- [RECORDED DATA]:

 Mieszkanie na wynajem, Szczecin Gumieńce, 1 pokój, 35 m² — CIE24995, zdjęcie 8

--

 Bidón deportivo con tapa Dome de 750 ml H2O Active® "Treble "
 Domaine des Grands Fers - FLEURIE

- [TO DO]:
Within the listing above, the range opens at the line with "Bidón deportivo con" and closes at the line with "Domaine des Grands Fers - FLEURIE". Reproduce exactly the lines of that range, including both ends.

- [YOUR SOLUTION]:
 Bidón deportivo con tapa Dome de 750 ml H2O Active® "Treble "
 Domaine des Grands Fers - FLEURIE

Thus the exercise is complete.